* **Given information**
=== Section Start ===
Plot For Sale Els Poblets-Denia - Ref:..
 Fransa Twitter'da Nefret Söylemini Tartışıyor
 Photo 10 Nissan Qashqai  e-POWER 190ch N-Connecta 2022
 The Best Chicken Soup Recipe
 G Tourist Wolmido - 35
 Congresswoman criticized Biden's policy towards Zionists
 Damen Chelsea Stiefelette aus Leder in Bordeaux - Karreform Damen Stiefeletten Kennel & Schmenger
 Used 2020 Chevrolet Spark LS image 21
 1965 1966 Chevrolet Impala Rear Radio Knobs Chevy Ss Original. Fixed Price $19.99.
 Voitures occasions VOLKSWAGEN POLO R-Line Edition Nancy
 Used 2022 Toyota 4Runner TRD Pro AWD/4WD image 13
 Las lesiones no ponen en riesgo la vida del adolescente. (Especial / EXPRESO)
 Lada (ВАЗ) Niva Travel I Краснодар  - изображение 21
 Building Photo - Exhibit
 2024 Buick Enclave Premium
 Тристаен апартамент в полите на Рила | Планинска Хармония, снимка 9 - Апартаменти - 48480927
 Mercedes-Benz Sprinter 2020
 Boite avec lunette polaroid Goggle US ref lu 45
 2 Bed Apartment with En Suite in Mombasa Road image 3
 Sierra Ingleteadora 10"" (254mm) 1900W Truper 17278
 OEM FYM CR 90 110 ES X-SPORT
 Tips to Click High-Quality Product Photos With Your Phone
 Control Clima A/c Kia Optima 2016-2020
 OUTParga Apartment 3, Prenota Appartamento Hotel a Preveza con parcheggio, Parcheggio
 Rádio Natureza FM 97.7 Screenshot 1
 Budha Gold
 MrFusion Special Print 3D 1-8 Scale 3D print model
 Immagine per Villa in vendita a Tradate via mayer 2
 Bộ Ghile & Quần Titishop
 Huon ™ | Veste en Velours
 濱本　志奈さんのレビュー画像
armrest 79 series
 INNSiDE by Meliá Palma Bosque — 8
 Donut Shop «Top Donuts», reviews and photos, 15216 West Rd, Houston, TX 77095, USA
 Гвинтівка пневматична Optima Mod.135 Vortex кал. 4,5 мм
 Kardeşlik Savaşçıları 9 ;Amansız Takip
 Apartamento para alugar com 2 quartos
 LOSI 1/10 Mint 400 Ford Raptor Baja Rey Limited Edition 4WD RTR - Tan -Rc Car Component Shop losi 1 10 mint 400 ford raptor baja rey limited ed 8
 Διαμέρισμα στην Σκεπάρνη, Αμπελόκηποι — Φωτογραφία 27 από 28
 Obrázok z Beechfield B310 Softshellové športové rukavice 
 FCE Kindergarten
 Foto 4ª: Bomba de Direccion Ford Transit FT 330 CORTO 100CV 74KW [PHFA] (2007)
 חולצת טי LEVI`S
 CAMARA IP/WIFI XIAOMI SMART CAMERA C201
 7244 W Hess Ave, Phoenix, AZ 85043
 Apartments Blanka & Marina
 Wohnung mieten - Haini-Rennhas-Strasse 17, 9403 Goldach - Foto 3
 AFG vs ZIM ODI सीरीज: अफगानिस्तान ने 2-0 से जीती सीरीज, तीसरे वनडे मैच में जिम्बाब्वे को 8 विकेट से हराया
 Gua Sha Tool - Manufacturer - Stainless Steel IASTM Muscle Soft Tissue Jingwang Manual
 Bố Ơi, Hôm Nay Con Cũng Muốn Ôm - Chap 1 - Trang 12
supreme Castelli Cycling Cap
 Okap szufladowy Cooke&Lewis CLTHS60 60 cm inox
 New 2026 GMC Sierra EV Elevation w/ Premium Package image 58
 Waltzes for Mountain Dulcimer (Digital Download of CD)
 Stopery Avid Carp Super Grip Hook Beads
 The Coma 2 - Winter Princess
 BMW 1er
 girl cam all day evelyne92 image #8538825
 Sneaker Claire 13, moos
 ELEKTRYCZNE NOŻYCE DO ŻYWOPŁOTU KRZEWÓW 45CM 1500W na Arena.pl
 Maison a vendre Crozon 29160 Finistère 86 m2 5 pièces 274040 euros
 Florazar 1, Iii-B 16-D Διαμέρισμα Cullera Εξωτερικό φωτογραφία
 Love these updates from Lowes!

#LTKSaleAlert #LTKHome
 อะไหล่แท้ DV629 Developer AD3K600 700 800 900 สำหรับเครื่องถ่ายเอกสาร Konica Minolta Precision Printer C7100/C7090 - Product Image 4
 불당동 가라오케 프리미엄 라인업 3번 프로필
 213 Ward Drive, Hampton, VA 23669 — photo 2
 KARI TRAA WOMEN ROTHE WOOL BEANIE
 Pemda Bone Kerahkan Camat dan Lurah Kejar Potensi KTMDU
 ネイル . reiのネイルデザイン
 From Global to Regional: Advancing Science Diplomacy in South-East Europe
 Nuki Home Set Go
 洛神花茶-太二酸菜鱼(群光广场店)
=== Section End ===
* **Problem to solve**
Line by line, output the records exactly as given.

* **Response**
Plot For Sale Els Poblets-Denia - Ref:..
 Fransa Twitter'da Nefret Söylemini Tartışıyor
 Photo 10 Nissan Qashqai  e-POWER 190ch N-Connecta 2022
 The Best Chicken Soup Recipe
 G Tourist Wolmido - 35
 Congresswoman criticized Biden's policy towards Zionists
 Damen Chelsea Stiefelette aus Leder in Bordeaux - Karreform Damen Stiefeletten Kennel & Schmenger
 Used 2020 Chevrolet Spark LS image 21
 1965 1966 Chevrolet Impala Rear Radio Knobs Chevy Ss Original. Fixed Price $19.99.
 Voitures occasions VOLKSWAGEN POLO R-Line Edition Nancy
 Used 2022 Toyota 4Runner TRD Pro AWD/4WD image 13
 Las lesiones no ponen en riesgo la vida del adolescente. (Especial / EXPRESO)
 Lada (ВАЗ) Niva Travel I Краснодар  - изображение 21
 Building Photo - Exhibit
 2024 Buick Enclave Premium
 Тристаен апартамент в полите на Рила | Планинска Хармония, снимка 9 - Апартаменти - 48480927
 Mercedes-Benz Sprinter 2020
 Boite avec lunette polaroid Goggle US ref lu 45
 2 Bed Apartment with En Suite in Mombasa Road image 3
 Sierra Ingleteadora 10"" (254mm) 1900W Truper 17278
 OEM FYM CR 90 110 ES X-SPORT
 Tips to Click High-Quality Product Photos With Your Phone
 Control Clima A/c Kia Optima 2016-2020
 OUTParga Apartment 3, Prenota Appartamento Hotel a Preveza con parcheggio, Parcheggio
 Rádio Natureza FM 97.7 Screenshot 1
 Budha Gold
 MrFusion Special Print 3D 1-8 Scale 3D print model
 Immagine per Villa in vendita a Tradate via mayer 2
 Bộ Ghile & Quần Titishop
 Huon ™ | Veste en Velours
 濱本　志奈さんのレビュー画像
armrest 79 series
 INNSiDE by Meliá Palma Bosque — 8
 Donut Shop «Top Donuts», reviews and photos, 15216 West Rd, Houston, TX 77095, USA
 Гвинтівка пневматична Optima Mod.135 Vortex кал. 4,5 мм
 Kardeşlik Savaşçıları 9 ;Amansız Takip
 Apartamento para alugar com 2 quartos
 LOSI 1/10 Mint 400 Ford Raptor Baja Rey Limited Edition 4WD RTR - Tan -Rc Car Component Shop losi 1 10 mint 400 ford raptor baja rey limited ed 8
 Διαμέρισμα στην Σκεπάρνη, Αμπελόκηποι — Φωτογραφία 27 από 28
 Obrázok z Beechfield B310 Softshellové športové rukavice 
 FCE Kindergarten
 Foto 4ª: Bomba de Direccion Ford Transit FT 330 CORTO 100CV 74KW [PHFA] (2007)
 חולצת טי LEVI`S
 CAMARA IP/WIFI XIAOMI SMART CAMERA C201
 7244 W Hess Ave, Phoenix, AZ 85043
 Apartments Blanka & Marina
 Wohnung mieten - Haini-Rennhas-Strasse 17, 9403 Goldach - Foto 3
 AFG vs ZIM ODI सीरीज: अफगानिस्तान ने 2-0 से जीती सीरीज, तीसरे वनडे मैच में जिम्बाब्वे को 8 विकेट से हराया
 Gua Sha Tool - Manufacturer - Stainless Steel IASTM Muscle Soft Tissue Jingwang Manual
 Bố Ơi, Hôm Nay Con Cũng Muốn Ôm - Chap 1 - Trang 12
supreme Castelli Cycling Cap
 Okap szufladowy Cooke&Lewis CLTHS60 60 cm inox
 New 2026 GMC Sierra EV Elevation w/ Premium Package image 58
 Waltzes for Mountain Dulcimer (Digital Download of CD)
 Stopery Avid Carp Super Grip Hook Beads
 The Coma 2 - Winter Princess
 BMW 1er
 girl cam all day evelyne92 image #8538825
 Sneaker Claire 13, moos
 ELEKTRYCZNE NOŻYCE DO ŻYWOPŁOTU KRZEWÓW 45CM 1500W na Arena.pl
 Maison a vendre Crozon 29160 Finistère 86 m2 5 pièces 274040 euros
 Florazar 1, Iii-B 16-D Διαμέρισμα Cullera Εξωτερικό φωτογραφία
 Love these updates from Lowes!

#LTKSaleAlert #LTKHome
 อะไหล่แท้ DV629 Developer AD3K600 700 800 900 สำหรับเครื่องถ่ายเอกสาร Konica Minolta Precision Printer C7100/C7090 - Product Image 4
 불당동 가라오케 프리미엄 라인업 3번 프로필
 213 Ward Drive, Hampton, VA 23669 — photo 2
 KARI TRAA WOMEN ROTHE WOOL BEANIE
 Pemda Bone Kerahkan Camat dan Lurah Kejar Potensi KTMDU
 ネイル . reiのネイルデザイン
 From Global to Regional: Advancing Science Diplomacy in South-East Europe
 Nuki Home Set Go
 洛神花茶-太二酸菜鱼(群光广场店)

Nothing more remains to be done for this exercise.